The involvement of the People's Republic of China in the 2026 Iran war has encompassed a range of financial, diplomatic, intelligence, and logistical actions amid the conflict that began with coordinated airstrikes by Israel and the United States against Iran on 28 February 2026. China has maintained a longstanding partnership with Iran, including economic ties and military cooperation. Since the beginning of the conflict, China has focused on diplomatic mediation while Chinese companies have provided dual-use technology, such as missile parts, and geospatial intelligence to Iran. The U.S. has levied sanctions against Chinese companies for processing Iranian crude and allegedly providing satellite data to Iran to target U.S. and allied forces in the region.

Despite public condemnations of the U.S.-Israeli strikes, China has not committed troops or engaged in combat operations. It abstained from condemning Iranian attacks on Gulf states in United Nations Security Council Resolution 2817. China's priorities centered on securing energy supplies through the Strait of Hormuz and avoiding disruptions to global trade.

== Background ==

China had developed extensive ties with Iran before the war, as its largest trading partner, importing more than 80 percent of Iran's shipped oil and providing technological support, including radar systems and navigation tools.
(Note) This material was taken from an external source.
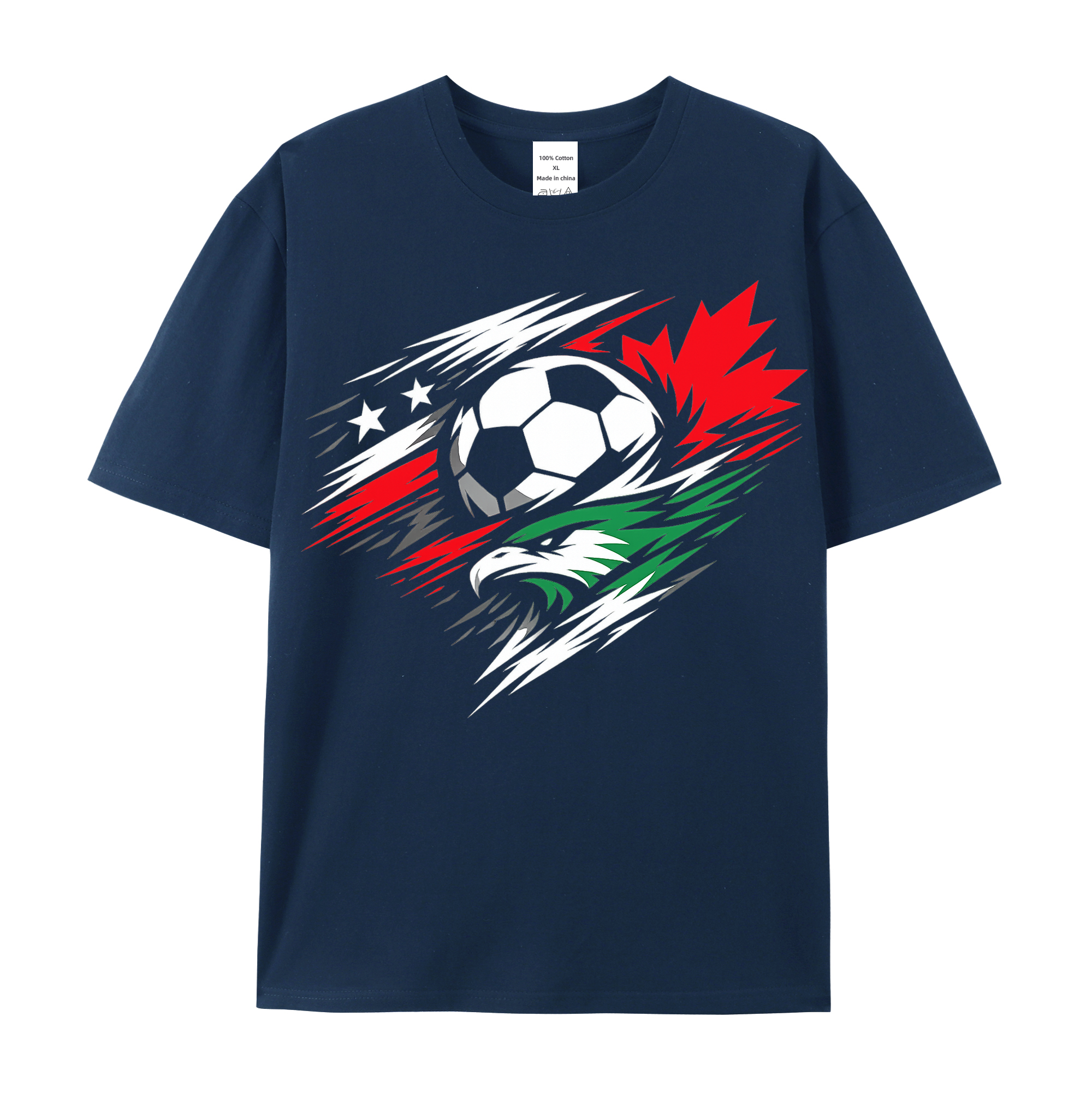 T-shirt Splitterkrone des Sieges Glanzkrone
China has been playing a mediation role in several regional conflicts including Iran–Saudi Arabia proxy war, Afghan conflict and the 2026 Afghanistan–Pakistan War.

== Chinese involvement ==
Intelligence assessments indicated Beijing prepared to offer financial aid and missile components, though it refrained from overt military involvement to safeguard its oil imports through contested waterways. Chinese dual-use technologies, such as radar systems and navigation technology, exported pre-war, enhanced Iran's electronic warfare capabilities. China has also assisted Iran in dodging international sanctions to facilitate oil sales using a special purpose vehicle.
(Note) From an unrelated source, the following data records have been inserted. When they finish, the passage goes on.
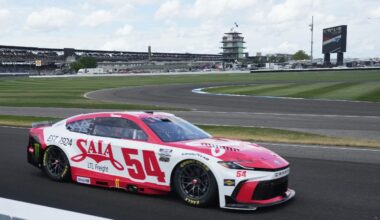 Ty Gibbs wins NASCAR In-Season Challenge - Indianapolis News | Indiana Weather | Indiana Traffic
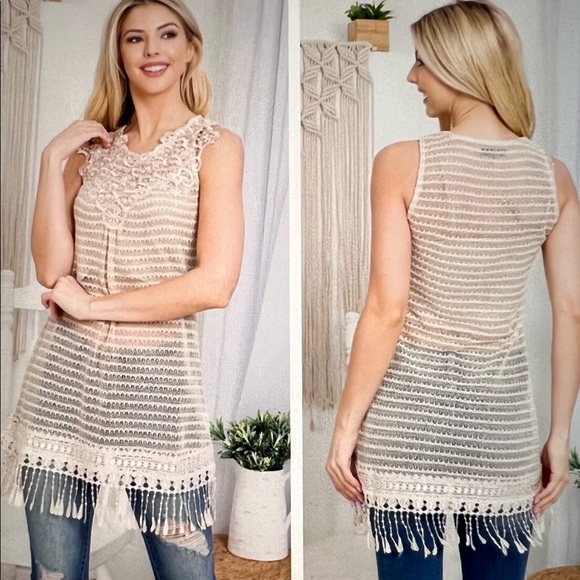 RYU Creamed Color Top - Picture 5 of 5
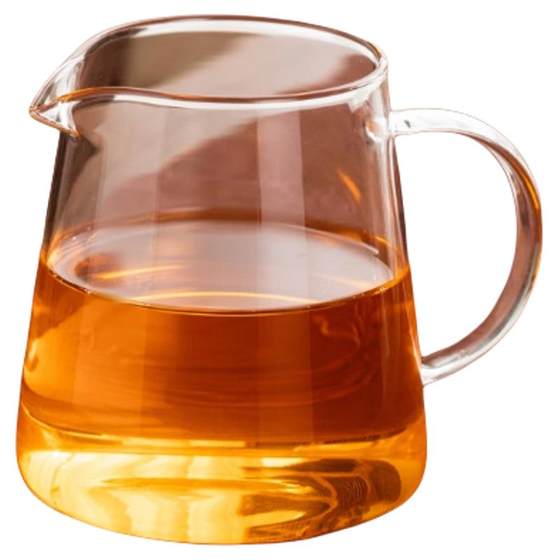 Pinyiheng high temperature resistance glass fair cup heat resistance high-end thickened tea dispenser tea sea kung fu tea set large public cup
Pinyiheng high temperature resistance glass fair cup heat resistance high-end thickened tea dispenser tea sea kung fu tea set large public cup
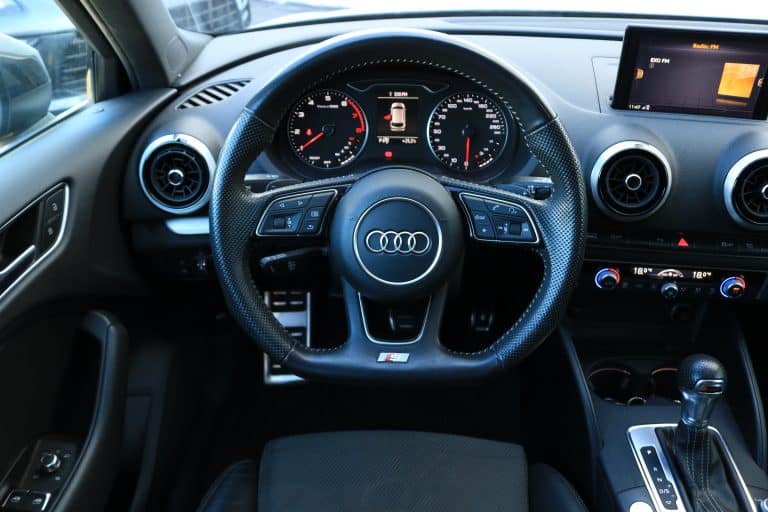 Audi A3 Sportback 8V2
Beijing dispatched envoys for mediation and warned of spreading "flames of war," while evacuating its nationals from Iran. Its abstention from UN votes against Iran aligned with Russia, but experts highlighted China's long-term strategy to position itself as a post-conflict stabilizer in the region.
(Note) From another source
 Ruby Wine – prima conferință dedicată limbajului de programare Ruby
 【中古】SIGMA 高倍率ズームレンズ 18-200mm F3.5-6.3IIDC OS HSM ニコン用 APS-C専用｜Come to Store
=== Allegations of military and intelligence assistance to Iran ===
In March 2026, the U.S. accused Chinese state-owned company Semiconductor Manufacturing International Corporation of providing chipmaking tools to Iran's military. The same month, the United States–China Economic and Security Review Commission stated that China's BeiDou satellite navigation system had been used by Iran to direct attacks across the region. Chinese firms with links to the People's Liberation Army, such as MizarVision and Jing'an Technology, have marketed geospatial intelligence about the positions and movements US forces in the region. Multiple sanctioned Iranian ships believed to be carrying sodium perchlorate, a precursor material for solid-propellant rockets, have traveled from China to Iran since the war began. On 11 April 2026, several days after the initiation of a two-week ceasefire, CNN reported that, according to U.S. intelligence sources, China was preparing to ship man-portable air-defense systems (MANPADs) to Iran through third countries, which the Chinese foreign ministry denied. When informed of the CNN report, U.S. President Trump stated that China "is gonna have big problems" if it carries through with weapons shipments to Iran. CBS News also reported that China was considering supplying Iran with X band radar systems, according to the U.S. Defense Intelligence Agency.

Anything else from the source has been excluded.